The question now is whether we're repeating that pattern with AI.
As of late 2025, the signs are concerning. AI-related enterprises accounted for roughly 80% of gains in the American stock market over the year. The S&P 500's ten biggest stocks now represent about 40% of the entire index — a level of concentration not seen since the 1960s. Share valuations are the most stretched since the dot-com bubble, with the Case-Shiller price-to-earnings ratio for the US market exceeding 40 for the first time since that crash.
But here's where it gets complicated: unlike the dot-com era, today's big tech companies are actually profitable. They're generating real revenue. The question isn't whether AI works — it clearly does. The question is whether the spending is proportionate to the returns, and whether the current valuations can be sustained.
The Numbers That Should Make You Nervous
Let me throw some numbers at you that I find genuinely difficult to wrap my head around.
OpenAI has committed to spending more than $500 billion on AI data centers — more than 15 times what was spent on the Manhattan Project, adjusted for inflation. Sam Altman has reportedly told employees that OpenAI's moonshot goal is to build 250 gigawatts of computing capacity by 2033, roughly equaling India's total national electricity demand.
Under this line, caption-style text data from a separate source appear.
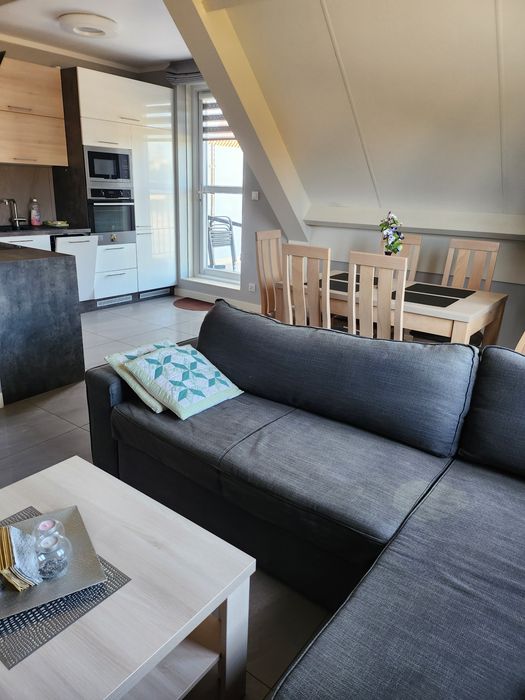 Apartment in Ustronie Morskie, Olszyna - Widok 2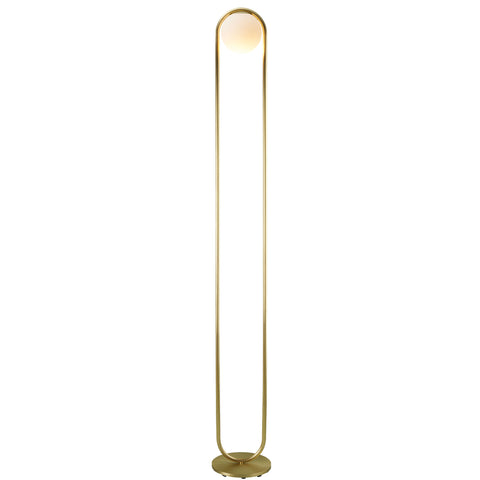 C_Ball Floor Lamp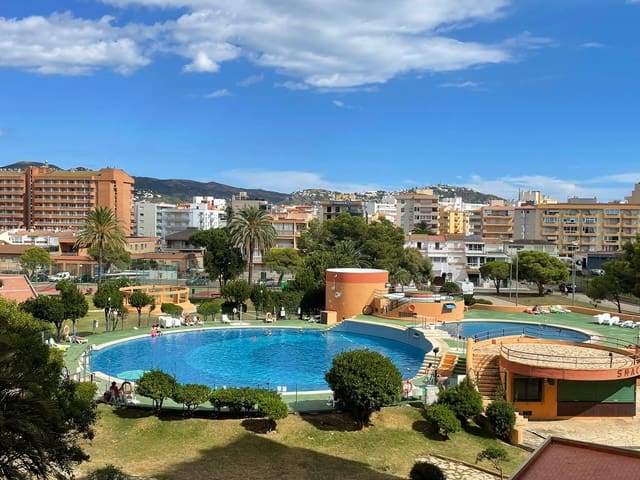 1 sovrum Studio till salu i Santa Margarida, Roses - 98 000 € (Ref: 9958429)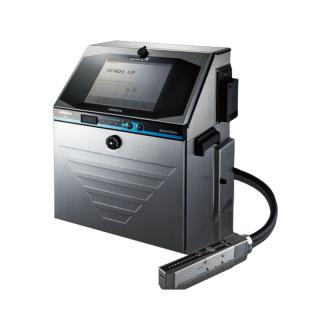 CIJ  |  Inkjet tiskalniki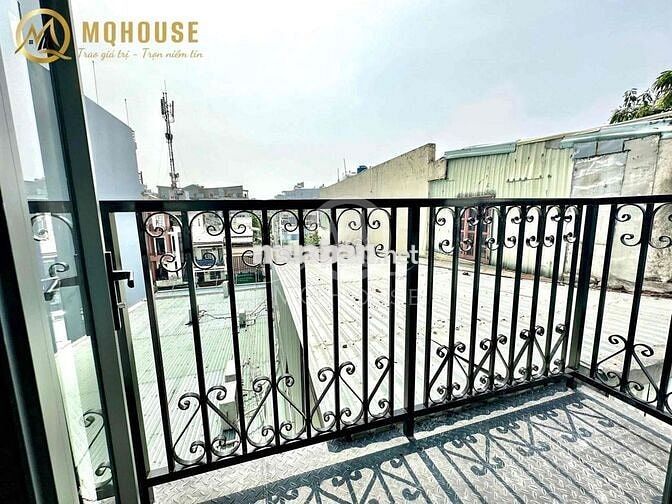 TRỐNG LẠI 1 PHÒNG DUPLEX FULL NỘI THẤT NGAY MEGA MARKET✨LÊ VĂN KHƯƠNG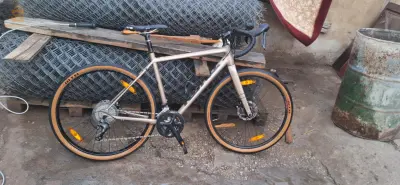 Gravel Kona rove nrb dl 2018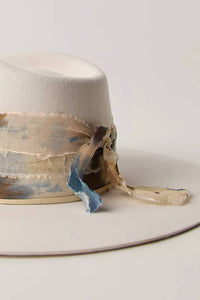 Freya - Women's Begonia Hat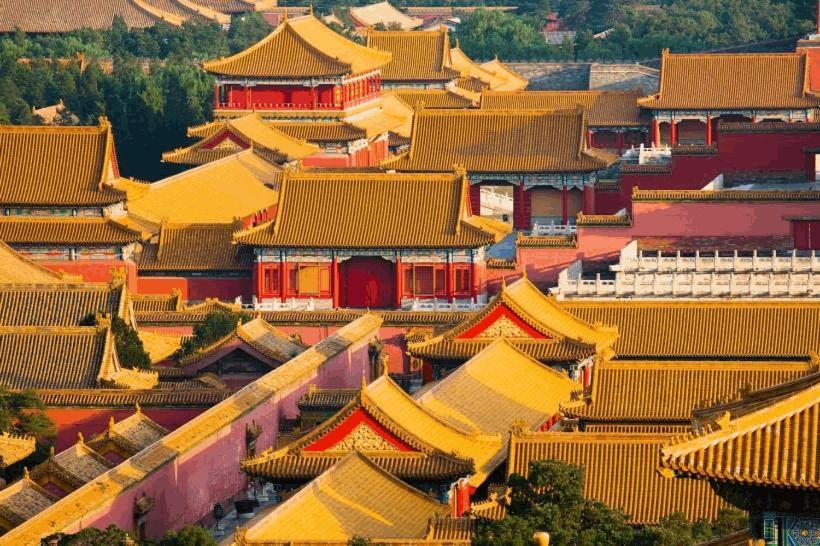 The East Hotel-Very Close To The Drum Tower,The Lama Temple,Houhai Bar Street,And The Forbidden City,There Are Many Old Beijing Traditional Hutongs Around The Hotel ,Experience The Culture Of Old Beijing Hutongs,Near Exit A Of Shichahai On Metro Line Zewnętrze zdjęcie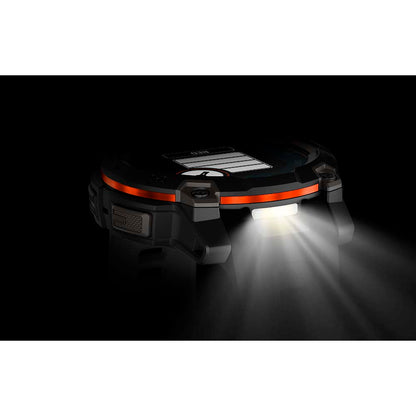 Relógio Garmin Instinct ® 3 Solar Preto - 45 mm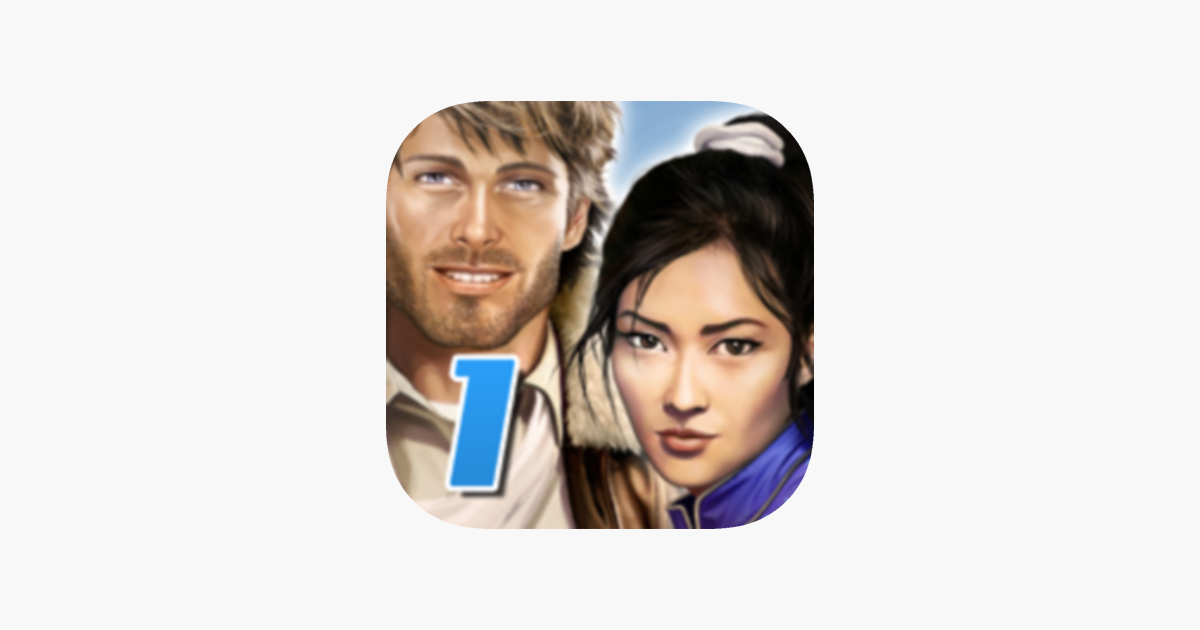 Games like Lost Horizon (2017)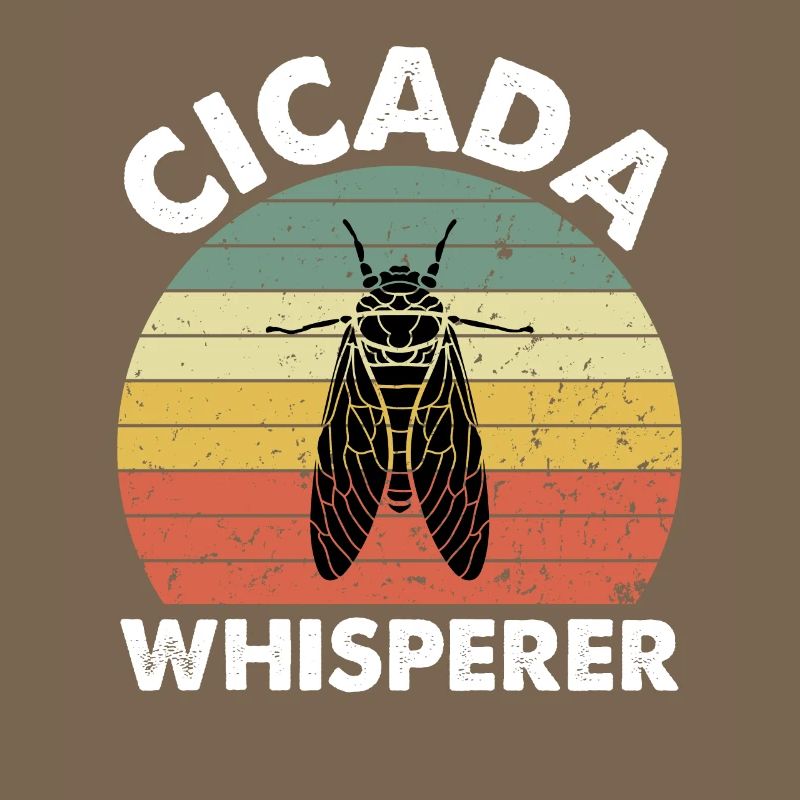 Cicada Whisperer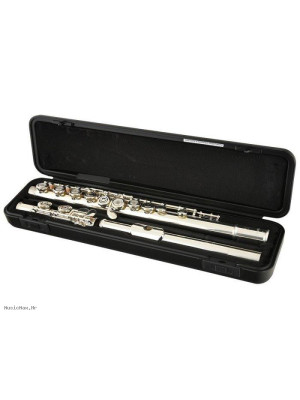 YAMAHA YFL-372 flauta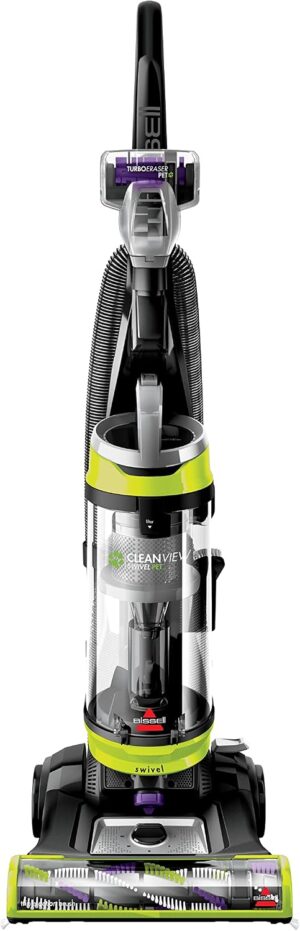 Bissell CleanView Swivel Pet Uprigh...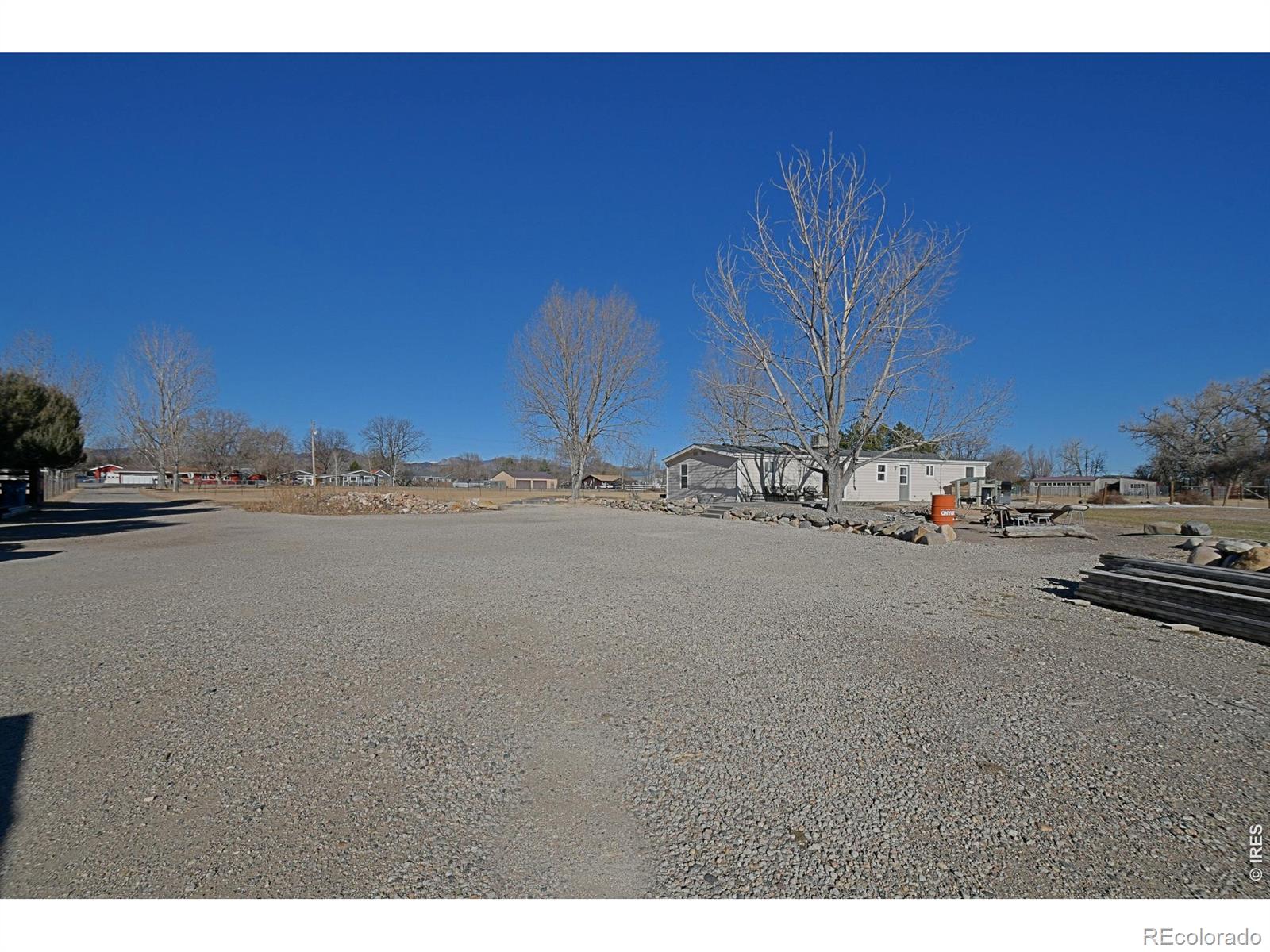 1500 S County Road 21 Loveland CO 80537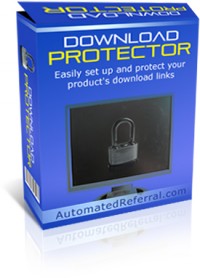   Download Protector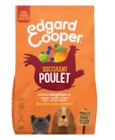 Croquettes - EDGARD COOPER - Maxi Zoo à Vitry-sur-Seine Croquettes - EDGARD COOPER en promo chez Maxi Zoo Vitry-sur-Seine à 19,19 €
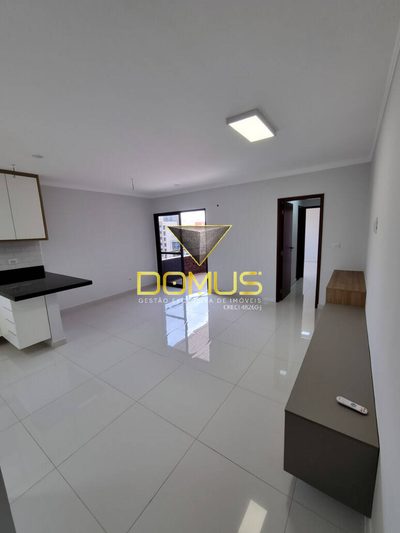 Apartamento, 1 quarto, 64 m² - Foto 3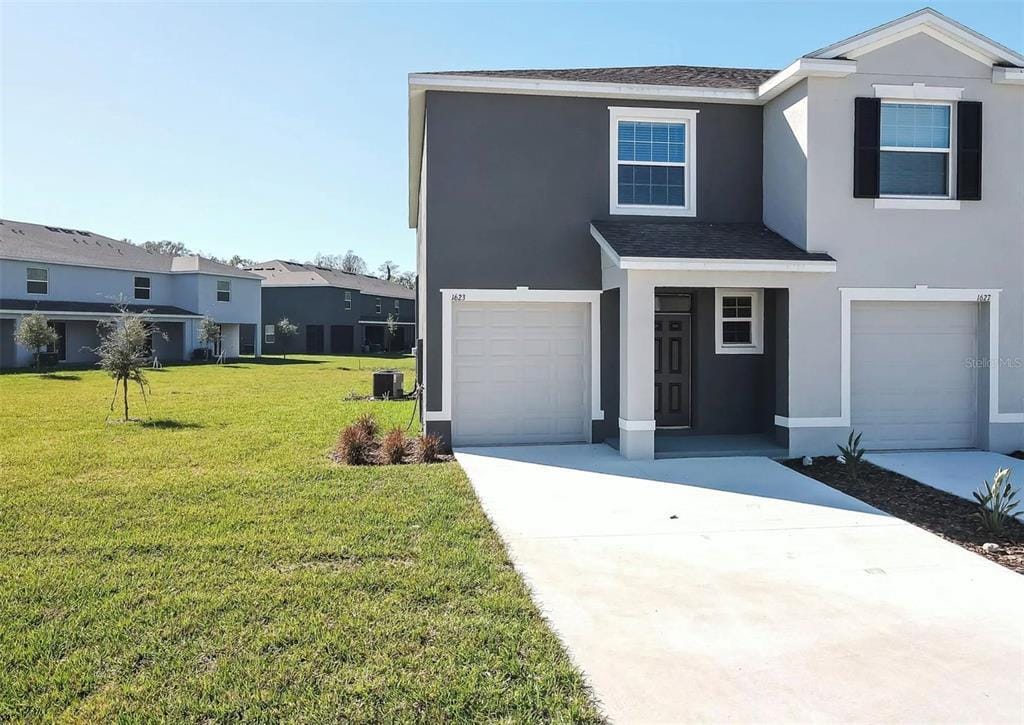 Foto principal - 1623 Hubbell Rd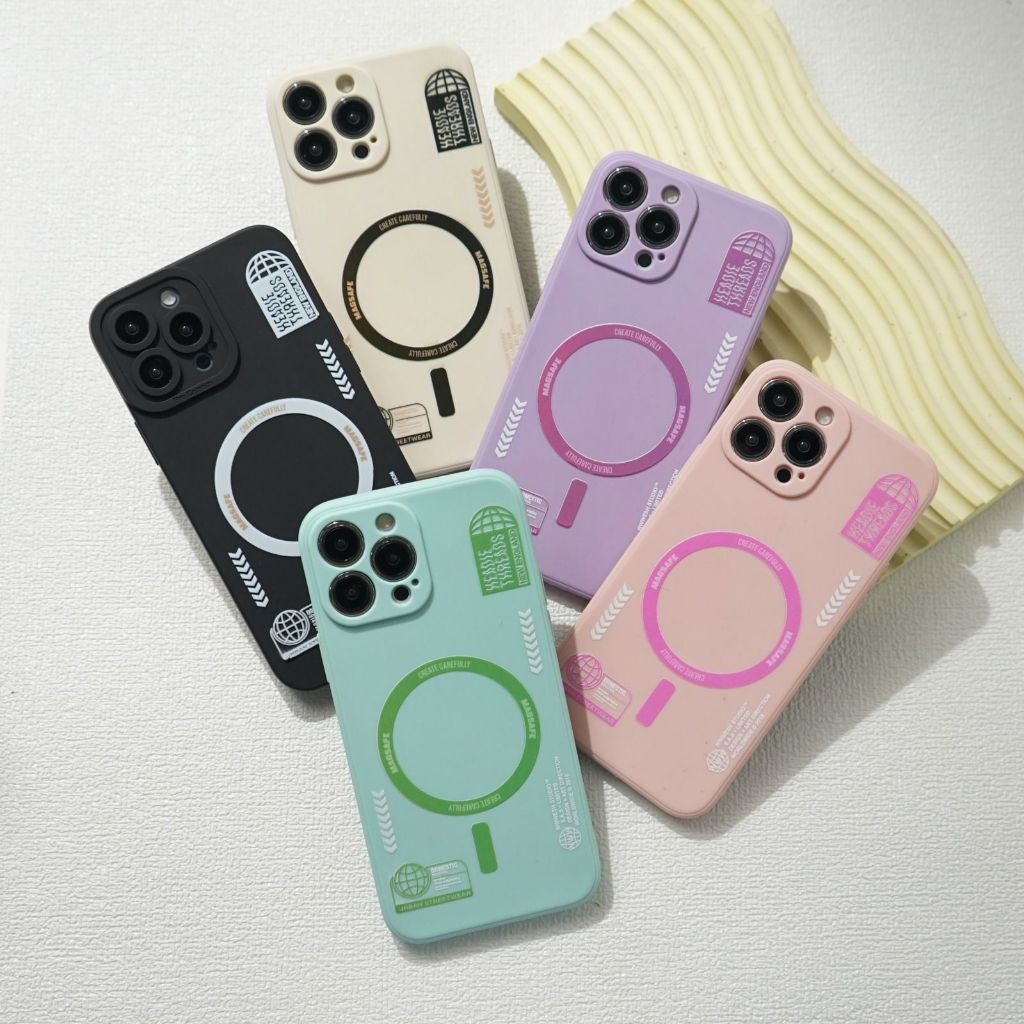 Softcase Square Edge Vivo Y17S Y18 Y19 Y19S Y20 Y21 2021 Y22 2022 Y15S Y16 Y12/Y15 Y27 4G/Y35+ Y28 4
Such a plan would cost more than $12 trillion by today's standards.
Combined capital expenditures from Microsoft, Alphabet, Amazon, and Meta are expected to reach roughly $440 billion over the next year, a 34% increase. Spending from US mega-caps is expected to reach $1.1 trillion between 2026 and 2029.
Meanwhile, consultants at Bain estimate that the wave of AI infrastructure spending will require $2 trillion in annual AI revenue by 2030 just to justify the investment. That's more than the combined 2024 revenue of Amazon, Apple, Alphabet, Microsoft, Meta, and Nvidia.
And here's the kicker: despite all this spending, a widely cited MIT study from July 2025 claimed that 95% of organizations that invested in generative AI were getting "zero return." The study itself was more nuanced than the headlines suggested, but it felt like the first hard data point confirming what skeptics had been muttering for months.
The two most prominent private players in AI, OpenAI and Anthropic, have yet to turn a profit. OpenAI is projected to burn through $140 billion by 2029. Anthropic is expected to burn $20 billion by 2027. For comparison, Amazon burned through $3 billion before becoming profitable. Tesla burned around $4 billion. Uber burned $30 billion. The scale of AI losses is in a different universe.
The DeepSeek Shock: A Preview of What Could Come
If you want to understand how quickly the AI bubble could deflate, look at what happened on January 27, 2025.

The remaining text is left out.